Learn R Programming

NADIA (version 0.4.2)

random_param_mice_search: Performing randomSearch for selecting the best method and correlation or fraction of features used to create a prediction matrix.

Description

This function perform random search and return values corresponding to best mean MIF (missing information fraction). Function is mainly used in autotune_mice but can be use separately.

Usage

random_param_mice_search(
  low_corr = 0,
  up_corr = 1,
  methods_random = c("pmm"),
  df,
  formula,
  no_numeric,
  iter,
  random.seed = 123,
  correlation = TRUE
)

Value

List with best correlation (or fraction ) at first place, best method at second, and results of every iteration at 3.

Arguments

low_corr

double between 0,1 default 0 lower boundry of correlation set.

up_corr

double between 0,1 default 1 upper boundary of correlation set. Both of these parameters work the same for a fraction of features.

methods_random

set of methods to chose. Default 'pmm'.

df

data frame to input.

formula

first product of formula_creating() funtion. For example formula_creating(...)[1]

no_numeric

second product of formula_creating() function.

iter

number of iteration for randomSearch.

random.seed

radnom seed.

correlation

If True correlation is using if Fales fraction of features.
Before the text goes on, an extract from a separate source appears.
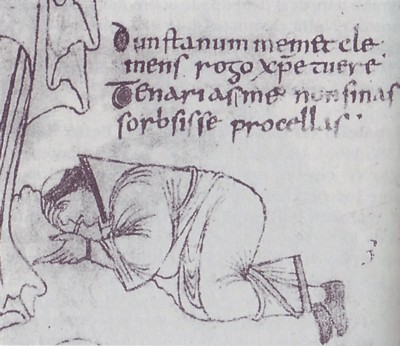 Dunstan a los pies de Cristo. El dibujo y la inscripción de Asia el año 960 podrían ser obra del propio Dunstan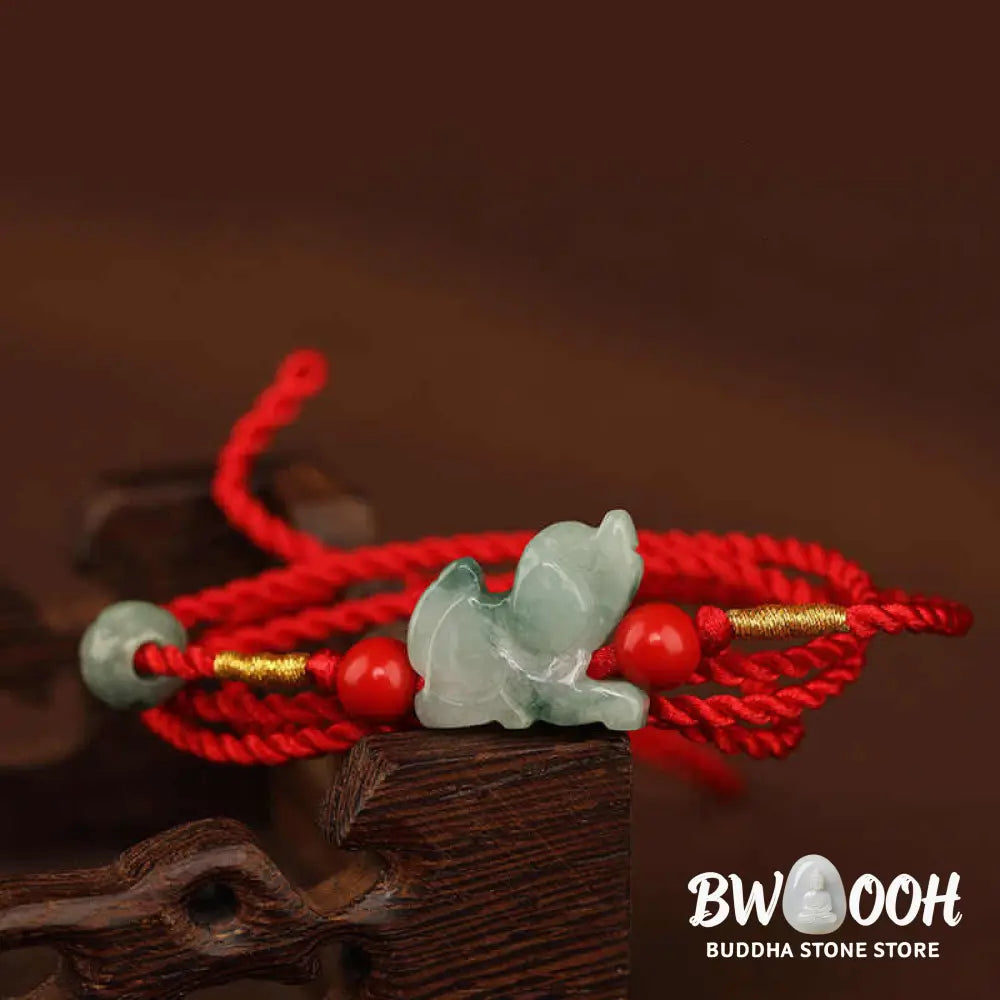 Buddha Stones Jade Peace Buckle Blessing Red String Belly Chain - Belly Chain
Default True.

Details

Function use Random Search Technik to found the best param for mice imputation. To evaluate the next iteration logistic regression or linear regression (depending on available features) are used. Model is build using a formula from formula_creating function. As metric MIF (missing information fraction) is used. Params combination with lowest (best) MIF is chosen. Even if a correlation is set at False correlation it's still used to select the best features. That main problem with calculating correlation between categorical columns is still important.